◆ Description of the task: Reproduce the records below exactly, but leave their pictures out of the copy.

[Captioned web image data]

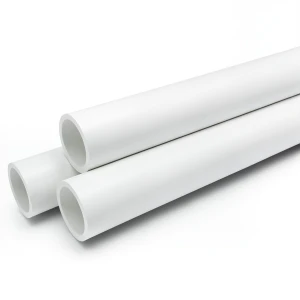 UPVC Pipes Nominal Pressure 4 Bar Outside Diameter 110 mm Thickness 2.2 mm White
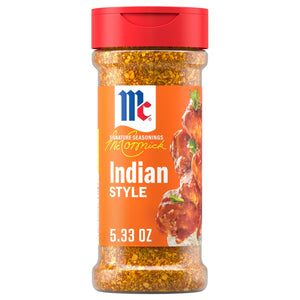 McCormick® Indian Style Seasoning, 5.33 oz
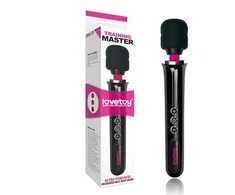 LOVETOY Training Master Itin galinga įkraunama kūno lazdelė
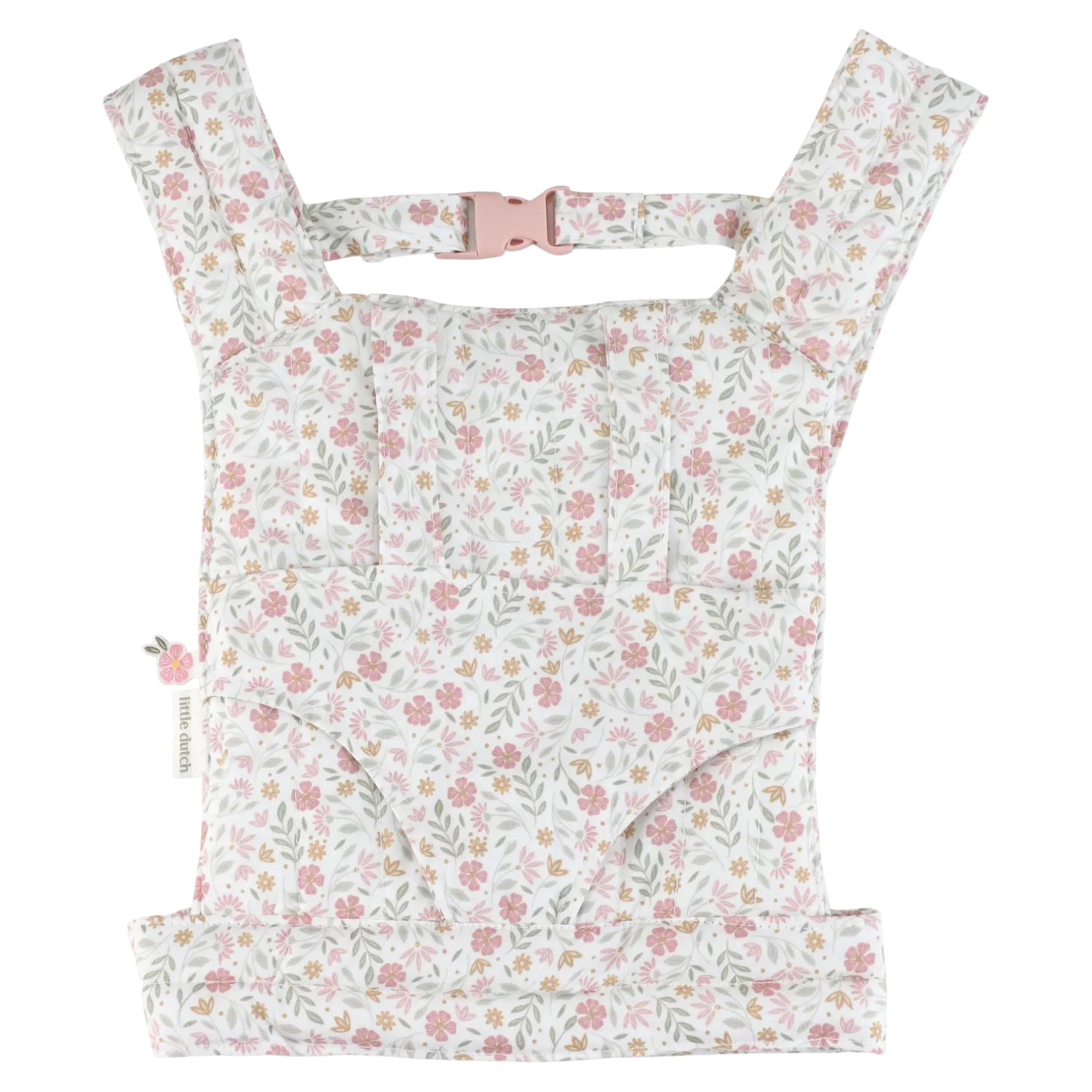 Mochila porteo muñecas Flores & Mariposas · Little Dutch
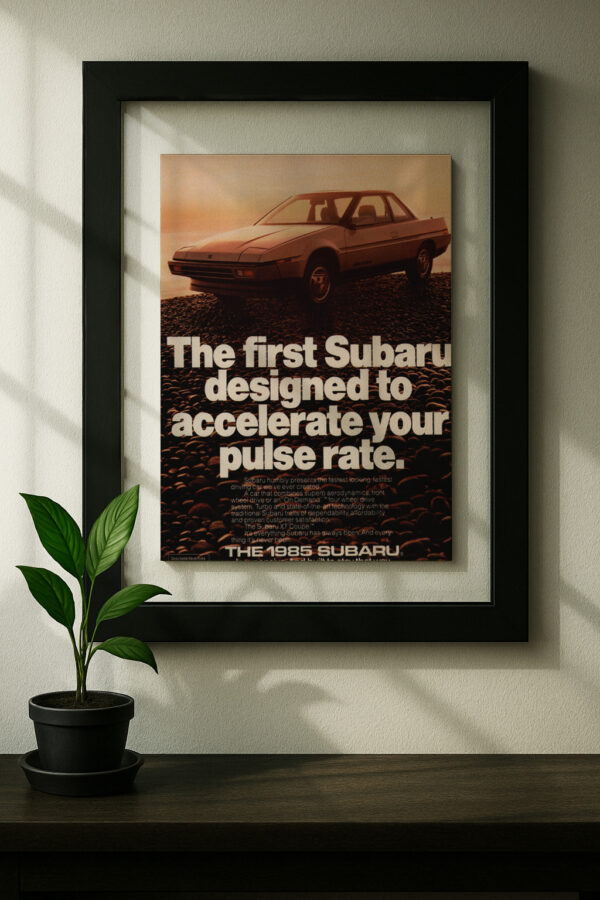 Subaru XT - Image 3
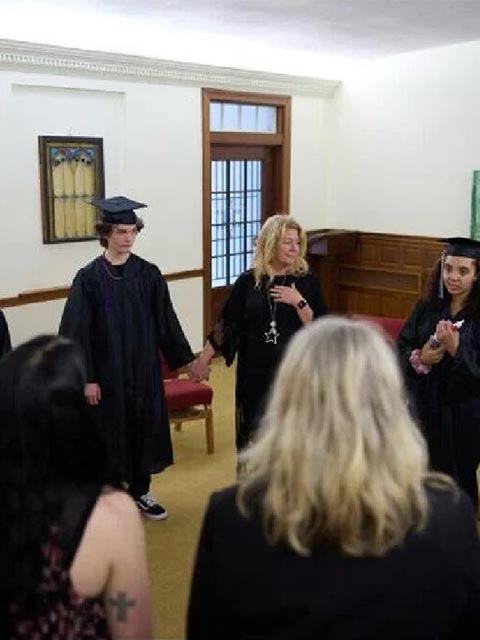 image45 Northshore Recovery High School Graduation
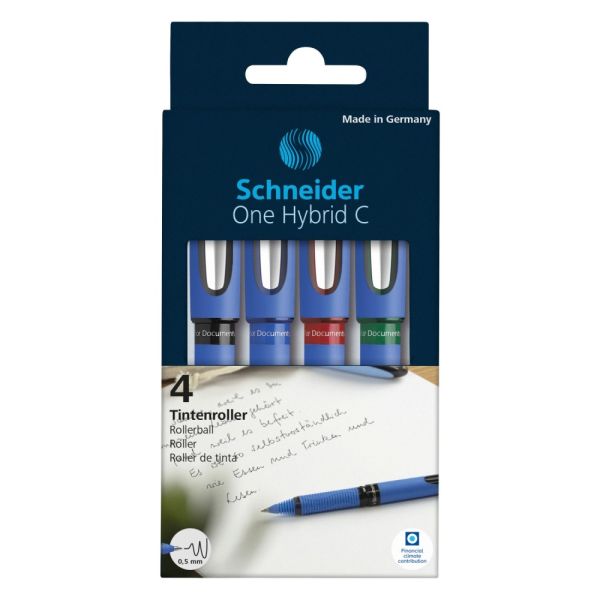 Roller Schneider One Hybrid C 0,5 mm - sada 4 ks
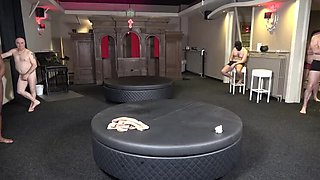 German Slut Xenia Gangbang: 30 Horny Men Raw Fuck & Creampie No Limits Behind The Scenes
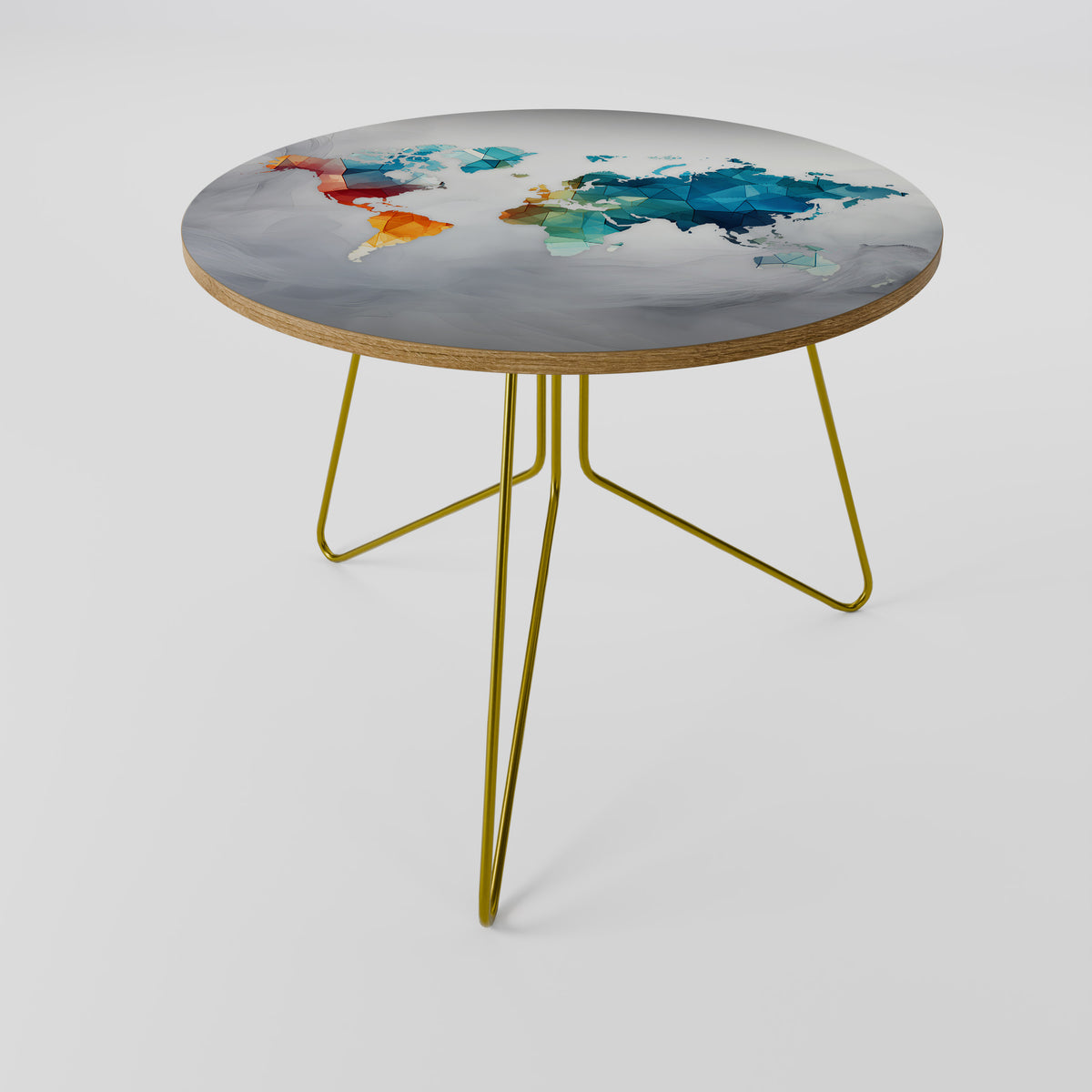 FACETED WORLDVIEW Coffee Table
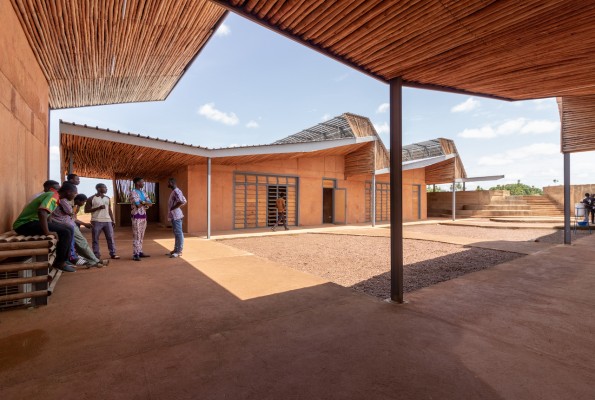 Burkina Institute of Technology, © Francis Kéré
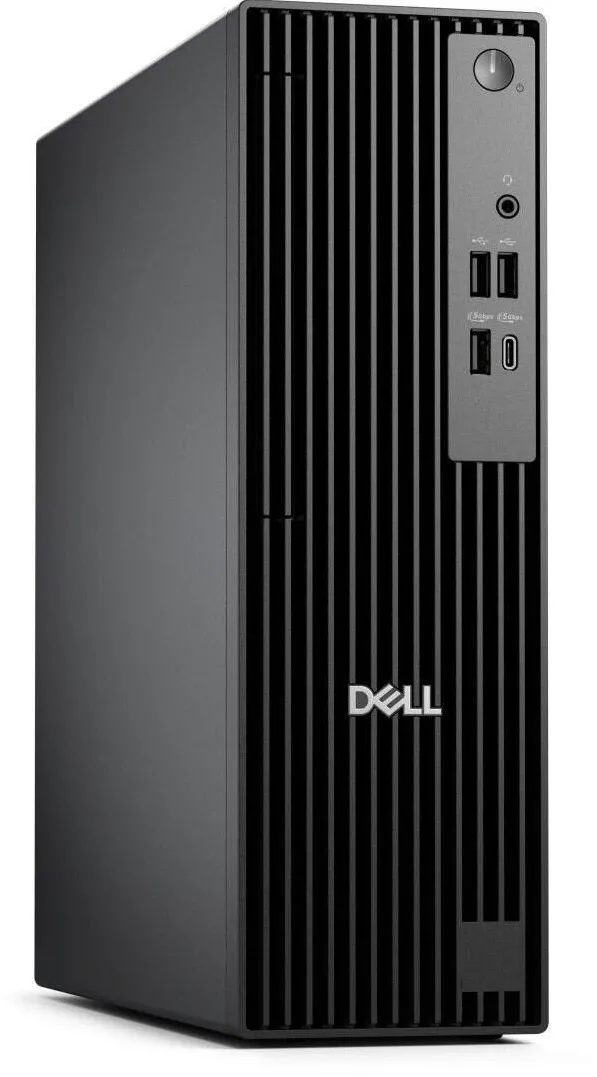 Sistem desktop Dell Calculator desktop Dell Pro Slim QCS1250, Intel Core Ultra 5-235, 8GB, SSD 512GB, Negru, 303x293x95mm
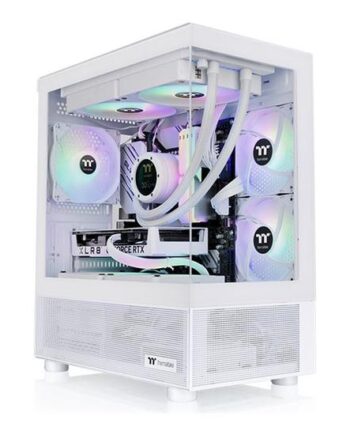 Thermaltake View 170 Tg Argb Mid Tower Micro Atx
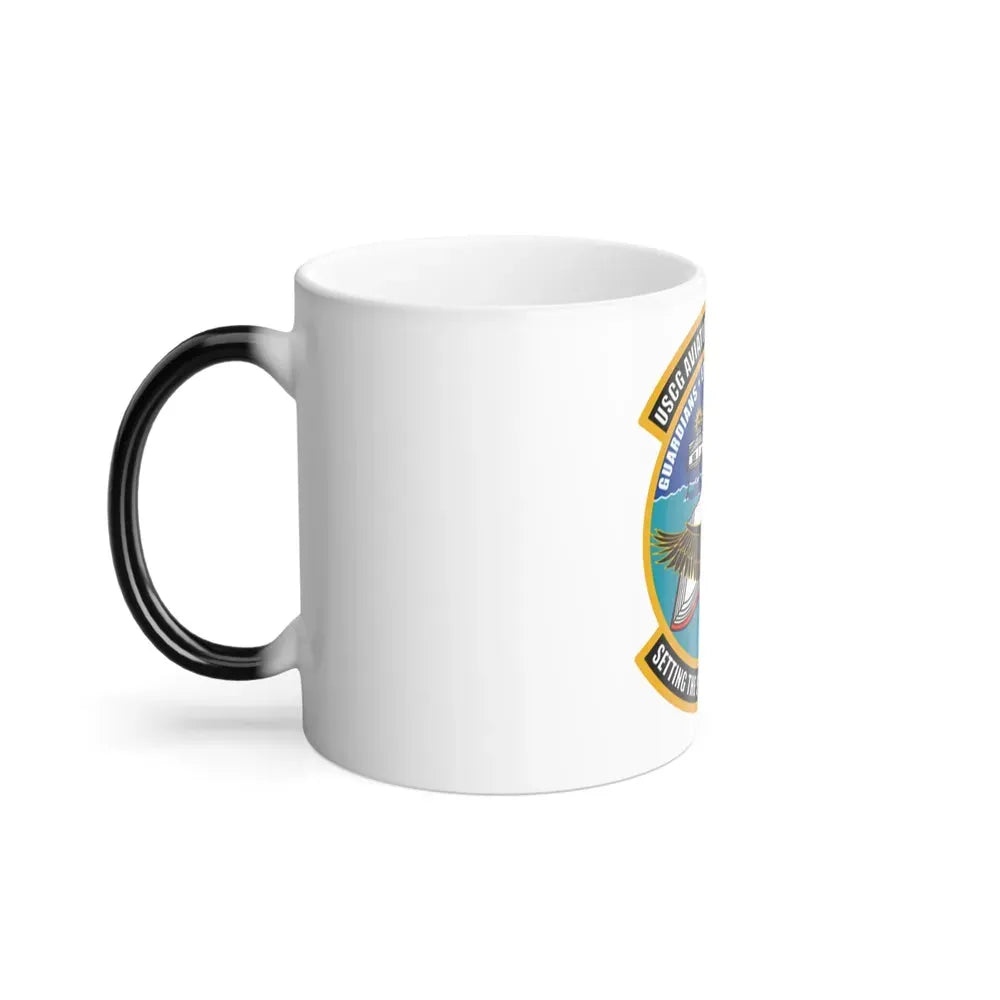 ATC Mobile AL Aviation Training Center (U.S. Coast Guard) Color Changing Coffee Mug - Go Mug Yourself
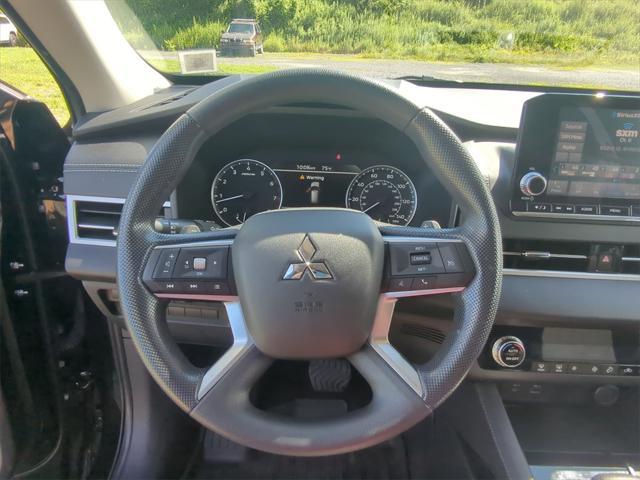 used 2022 Mitsubishi Outlander car, priced at $21,800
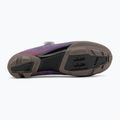 Women's gravel shoes Shimano SH-RX600 gray/purple 4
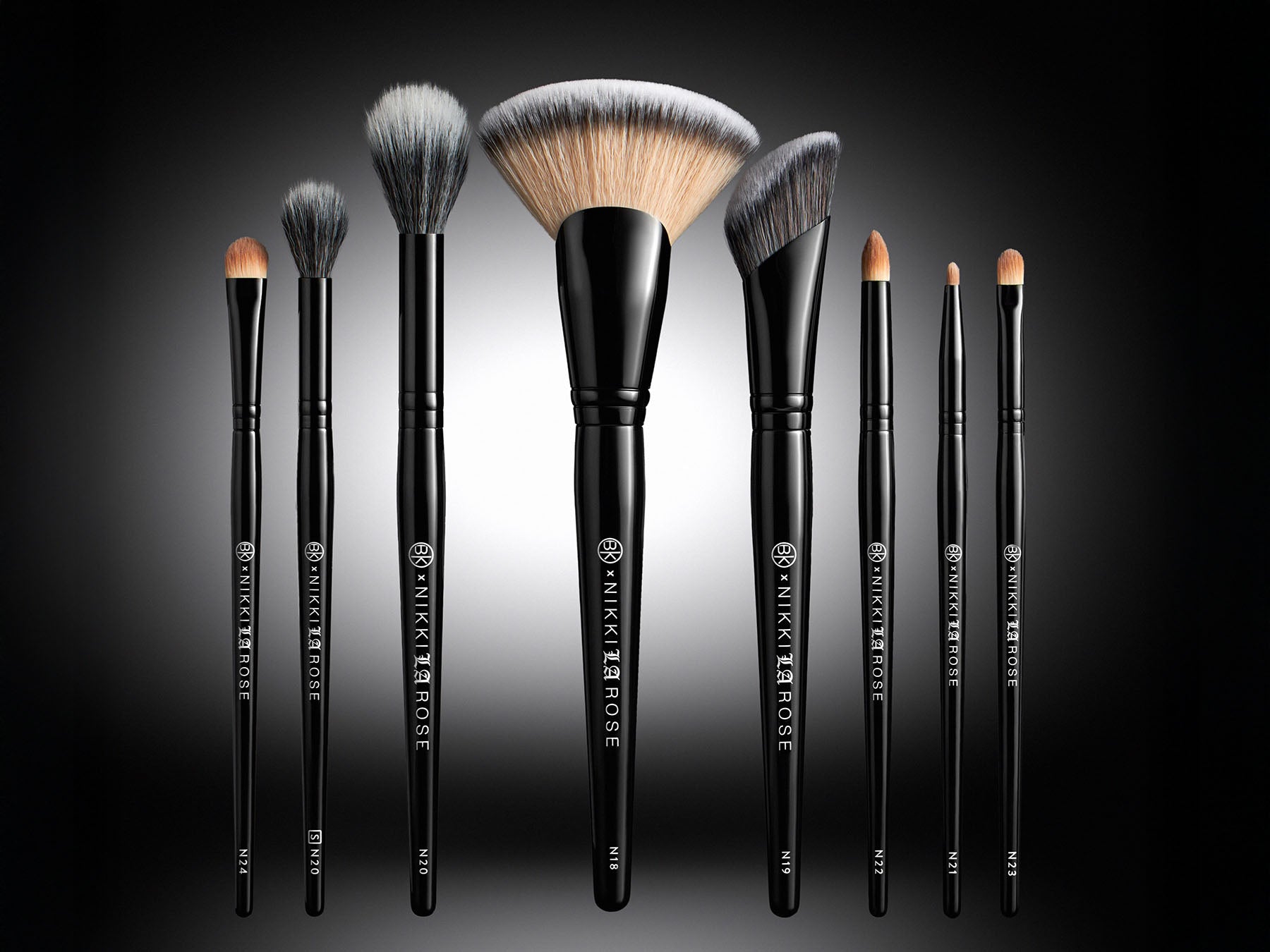 Nikki La Rose Pro Artist Brush Set (8PC) - Vol. 2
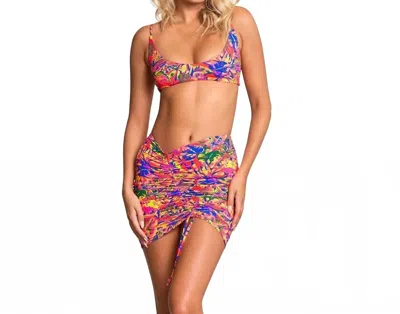 Maaji Women's Amazonas Omg Bralette Bikini Top In Red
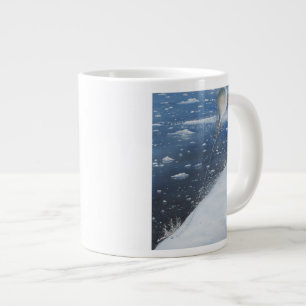 Captain Scott Antarctica's first Aeronaut. 4th Large Coffee Mug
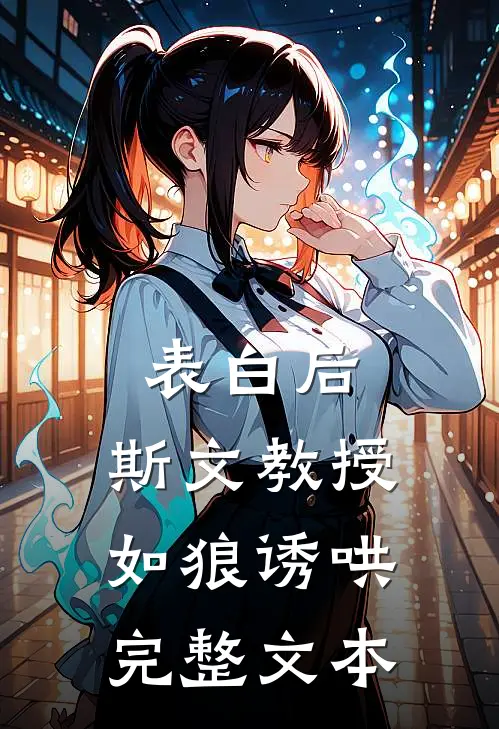 表白后，斯文教授如狼诱哄完整文本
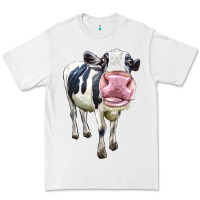 White Cute Holstein Premium Tee - LillyAllenDesigns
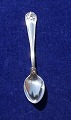 Saksisk Danish silver flatware, salt spoons 7.5cm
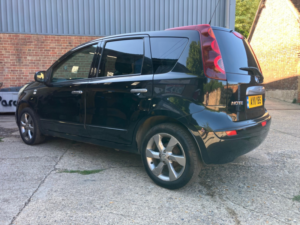 2011 Nissan Note 1.4 16v N-Tec in Black — image 4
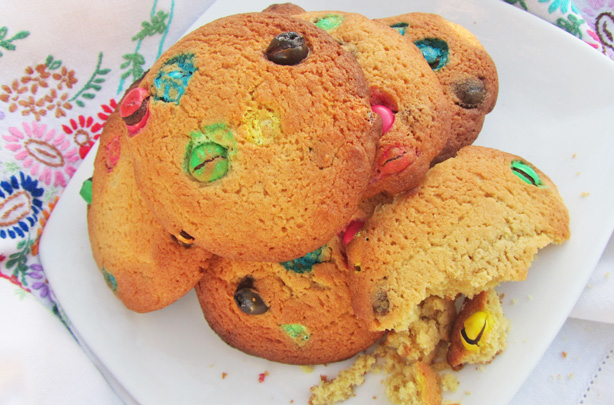 Bake with sweets
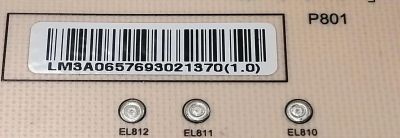KIT DE TARJETAS PARA TV LG 4K·UHD·HDR / MAIN EBT66472101 / EAX69120303 / EAX69120304 / 66472101 / T-CON 6871L-5532A / 6870C-0748A / FUENTE EAY65769302 / LGP86T-20U1 / 65769302 / PANEL HC860DQF-SLUR3 / NC860DQF / MODELO 86UN8570AUD / 86UN8570AUD.BUSWLJR - Imagen 4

◆ Expected answer:
 UPVC Pipes Nominal Pressure 4 Bar Outside Diameter 110 mm Thickness 2.2 mm White
 McCormick® Indian Style Seasoning, 5.33 oz
 LOVETOY Training Master Itin galinga įkraunama kūno lazdelė
 Mochila porteo muñecas Flores & Mariposas · Little Dutch
 Subaru XT - Image 3
 image45 Northshore Recovery High School Graduation
 Roller Schneider One Hybrid C 0,5 mm - sada 4 ks
 German Slut Xenia Gangbang: 30 Horny Men Raw Fuck & Creampie No Limits Behind The Scenes
 FACETED WORLDVIEW Coffee Table
 Burkina Institute of Technology, © Francis Kéré
 Sistem desktop Dell Calculator desktop Dell Pro Slim QCS1250, Intel Core Ultra 5-235, 8GB, SSD 512GB, Negru, 303x293x95mm
 Thermaltake View 170 Tg Argb Mid Tower Micro Atx
 ATC Mobile AL Aviation Training Center (U.S. Coast Guard) Color Changing Coffee Mug - Go Mug Yourself
 used 2022 Mitsubishi Outlander car, priced at $21,800
 Women's gravel shoes Shimano SH-RX600 gray/purple 4
 Nikki La Rose Pro Artist Brush Set (8PC) - Vol. 2
 Maaji Women's Amazonas Omg Bralette Bikini Top In Red
 Captain Scott Antarctica's first Aeronaut. 4th Large Coffee Mug
 表白后，斯文教授如狼诱哄完整文本
 White Cute Holstein Premium Tee - LillyAllenDesigns
 Saksisk Danish silver flatware, salt spoons 7.5cm
 2011 Nissan Note 1.4 16v N-Tec in Black — image 4
 Bake with sweets
KIT DE TARJETAS PARA TV LG 4K·UHD·HDR / MAIN EBT66472101 / EAX69120303 / EAX69120304 / 66472101 / T-CON 6871L-5532A / 6870C-0748A / FUENTE EAY65769302 / LGP86T-20U1 / 65769302 / PANEL HC860DQF-SLUR3 / NC860DQF / MODELO 86UN8570AUD / 86UN8570AUD.BUSWLJR - Imagen 4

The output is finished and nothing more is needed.